Bäume als Klimazeugen: Neues Forschungsprojekt zur verbesserten 
Klimarekonstruktion

Jahresringe von Bäumen verraten viel über die klimatischen 
Bedingungen der Vergangenheit. Für das weiter zurückliegende 
Zeitalter klappt das allerdings besser als für die jüngere 
Geschichte. Wissenschaftler wollen nun herausfinden, warum das so 
ist.


Nach einem Spaziergang durch den Wald einen frisch gebackenen 
Apfelkuchen unter dem großen Kirschbaum im Garten verspeisen, dazu 
einen leckeren Kaffee schlürfen - und anschließend beim Gang aufs 
stille Örtchen vielleicht noch zum weichen Toilettenpapier greifen? 
All das ginge nicht ohne sie: Bäume! Doch die großen Lebewesen sind 
nicht nur Ruheort und schattenspendende "Futterquelle" für Mensch und
Tier, sondern als zentraler Baustein unseres Ökosystems auch 
lebenswichtig: Sie produzieren viel Sauerstoff (eine 150-jährige 
Buche etwa beachtliche 11.000 Liter Sauerstoff am Tag, das entspricht
dem Tagesbedarf von 26 Menschen) und binden gleichzeitig das 
Treibhausgas Kohlendioxid (ca. 24 kg CO2 täglich, so viel wie ein 
Kleinwagen auf 150 km in die Luft pustet). 

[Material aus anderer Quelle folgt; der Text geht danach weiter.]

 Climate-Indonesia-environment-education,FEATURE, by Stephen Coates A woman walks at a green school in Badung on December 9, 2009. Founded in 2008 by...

Ein Merkmal von Bäumen ist für Kinder wie Wissenschaftler 
gleichermaßen faszinierend: Die Baumringe. Ihre Anzahl gibt nicht nur
Aufschluss über das Alter eines Baumes, sondern die Breite der Ringe 
liefert auch Hinweise auf die Witterungsbedingungen, die beim 
Ausbilden eines jeden Jahresrings geherrscht haben: War es eine 
warme, feuchte Wachstumsphase? Oder doch eher kalt und trocken? Ringe
aus Jahren mit guten Wachstumsbedingungen für den Baum sind breiter 
als solche aus schlechten Jahren.

Bäume sind also wahre "Klimazeugen" - eine Art Datenbank, in der die 
klimatischen Entwicklungen seit Hunderten von Jahren sehr detailliert
hinterlegt sind, von der regionalen bis zur globalen Ebene. Die 
bereits datierten Jahresringe reichen bis zum Ende der letzten 
Eiszeit vor etwa 12.500 Jahren zurück. Doch Wissenschaftler der 
Dendrochronologie (griech. "dendron"=Baum, "chronos"=Zeit, 
"logos"=Lehre) haben festgestellt, dass die Jahresringe die 
Temperaturentwicklung seit den 1960er Jahren nicht mehr korrekt 
widerspiegeln.  Dieses als "Divergenz" bezeichnete Problem ist der 
Ausgangspunkt für ein großes neues Forschungsprojekt namens MONOSTAR 
("Modelling non-stationary tree growth responses to global warming").

 
Für dieses Projekt werden der Paläoklimaforscher Prof. Dr. Jan Esper 
von der Universität Mainz zusammen mit seinem Team und 
internationalen Kooperationspartnern das Wachstum verschiedener 
Nadelbaumarten an 100 Standorten von den Rocky Mountains über die 
Alpen bis zum Himalaya verfolgen (siehe Grafik). An 10 dieser 
Standorte werden zusätzlich umfangreiche Monitoring-Maßnahmen 
durchgeführt, um detaillierte Einflussgrößen für ein neues 
Computermodell zu erfassen. Dieses Baumringdichte-Modell soll 
entwickelt werden, um das Baumwachstum zu rekonstruieren und 
verlässliche Angaben für die Klimaforschung bereitzustellen.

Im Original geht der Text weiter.